In summary, our patristic distance analysis documents that the highest degree of gephyrins sequence conservation is not a result of the phylogenetic age of the vertebrate trait.

In the following known residues that are important for the two functions of gephyrin (i.e. receptor clustering and Moco synthesis) were identified and plotted onto the protein surface.
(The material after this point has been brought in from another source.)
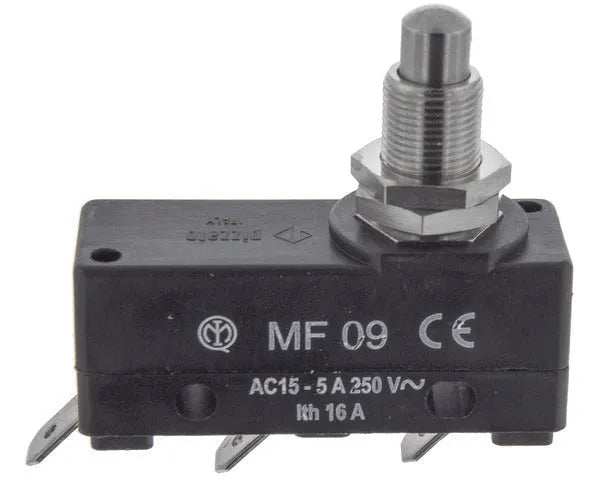 Standard oven switch 16A 85º 13mm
As can be seen from Fig 7, a significant part but not the complete protein surface is associated with these functions while the overall surface conservation was found to be very high (S8 Fig).

Download:

Fig 7. Functionally relevant residues of the gephyrin E-domain.
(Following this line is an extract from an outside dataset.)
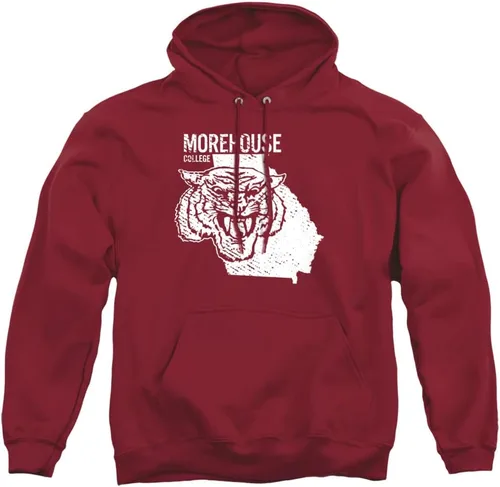 Vista 312 de LOGOVISION Colección de sudaderas con capucha unisex con diseño de forma universitaria oficial para hombres y mujeres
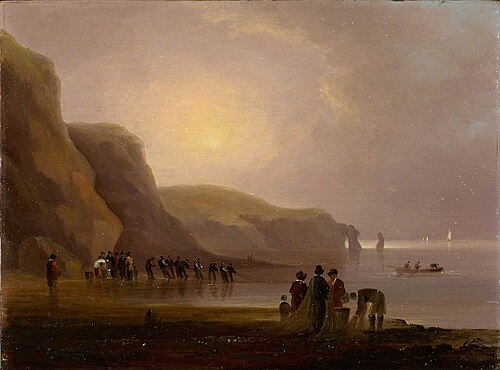 The Parson and Clerk, Teignmouth, Devon, , John Wallace Tucker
Surface representation of the mammalian Mo-insertase E-domain (PDB code: 2FU3). (A) Residues involved in receptor binding (according to [44]) are shown in blue. (B) Interfacing residues of the interaction 2 model of the plant Cnx1 Mo-insertase complex [9] are shown in green. (C) Residues involved in molybdenum functionalization of the plant Mo-insertase Cnx1 are shown in red (recently summarized in [6]).

https://doi.org/10.1371/journal.pone.0350191.g007

Discussion

Within this work we carried out an in silico-based approach to identify Mo-insertases in the species of life. Our work revealed in total 327 Mo-insertases from 289 (in total) eukaryotic and prokaryotic geni. The finding that for prokaryotes the diversity of the identified sequences did not result in forming family-level clades may be best explained by the prevalent horizontal gene transfer here [45] leading to conflicting gene histories [46]. However, as known for the model Mo-insertase MoeA from E. coli, the prokaryotic Mo-insertases identified all assemble from a separate E- and G-domain.
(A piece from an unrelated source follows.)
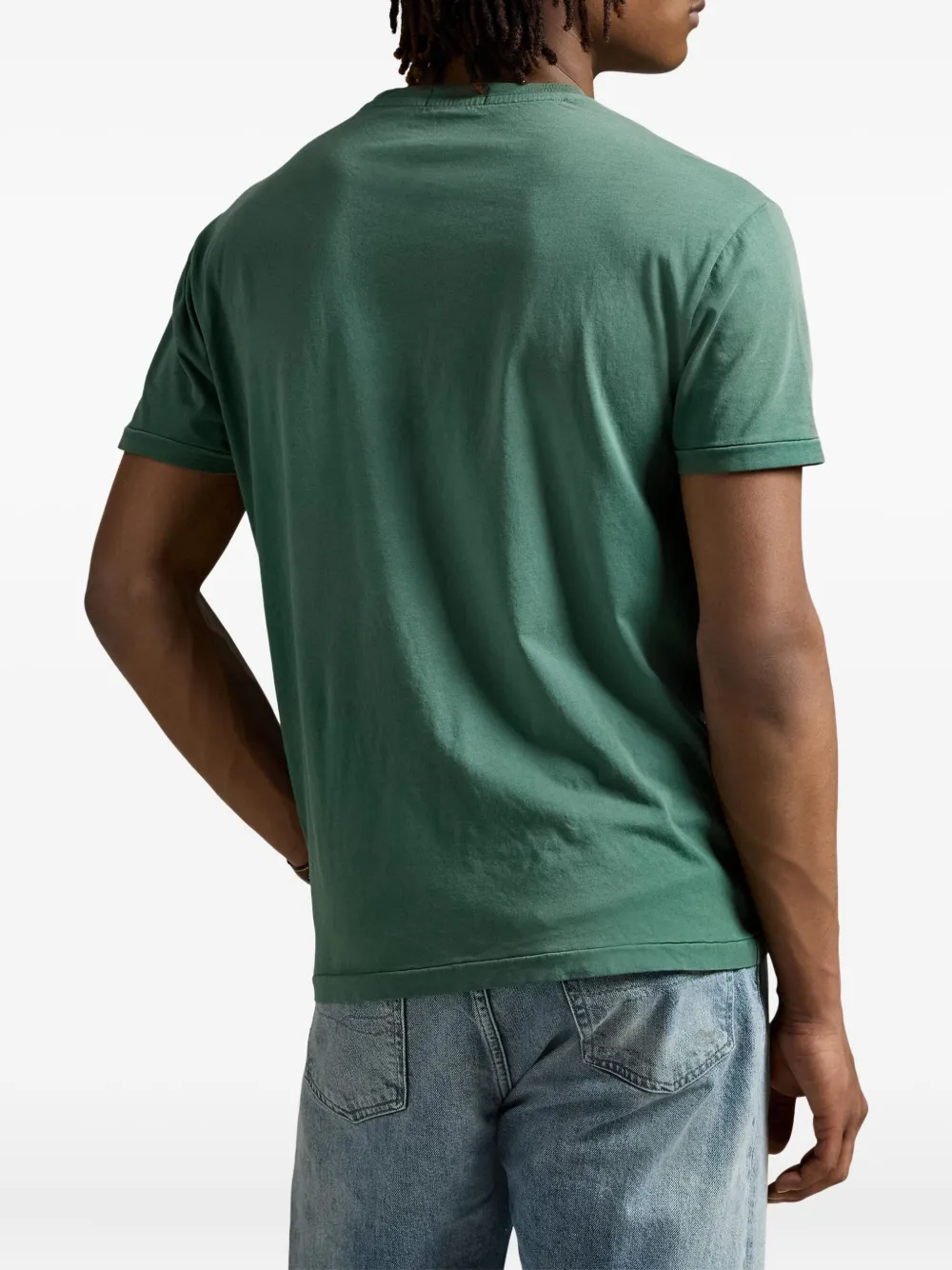 Polo Ralph Lauren T-shirt met grafische print Groen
Relating to the domain organization, our work classified all novel eukaryotic Mo-insertases identified either as plant-type (N-terminal E-domain, C-terminal G-domain) or animal/fungi-type Mo-insertases (N-terminal G-domain, C-terminal E-domain), with the notable peculiarity of Mo-insertases identified in some protists, algae and invertebrates which – like prokaryotes – all possess the E- and G-domain as separate entities (as documented by 190 manually carried out and inspected pairwise sequence alignments (see S2–S4 Data Files) and when indicated in silico based complementary structure predictions (see S1 Table).

Very recently, Megrian and colleagues [47] described the fusion of E- and G-domain to be present in all studied animal type Mo-insertases which they suggested to be due to the finding that this is mandatory for gephyrin’s neuronal function (i.e. receptor clustering in the post synapse of inhibitory neurons). Our study revealed that in some animals (i.e. C. elegans (see also [38]), T. trichuria and the mollusk P. imbricata, see S1 Table for comparison) the Mo-insertase E- and G-domains exist as separate entities, hence the tendency of E- and G-domain to occur fused together in animals requires a careful review. As the invertebrate-type Mo-insertases reported within this work essentially lack conserved E-domain residues required for receptor interaction (S10 Fig), we reason, that any vertebrate-like neuronal function of invertebrate-type Mo-insertases is unlikely, which is consistent with the lack of critical residues for receptor clustering in C. elegans and Drosophila Mo-insertases [48].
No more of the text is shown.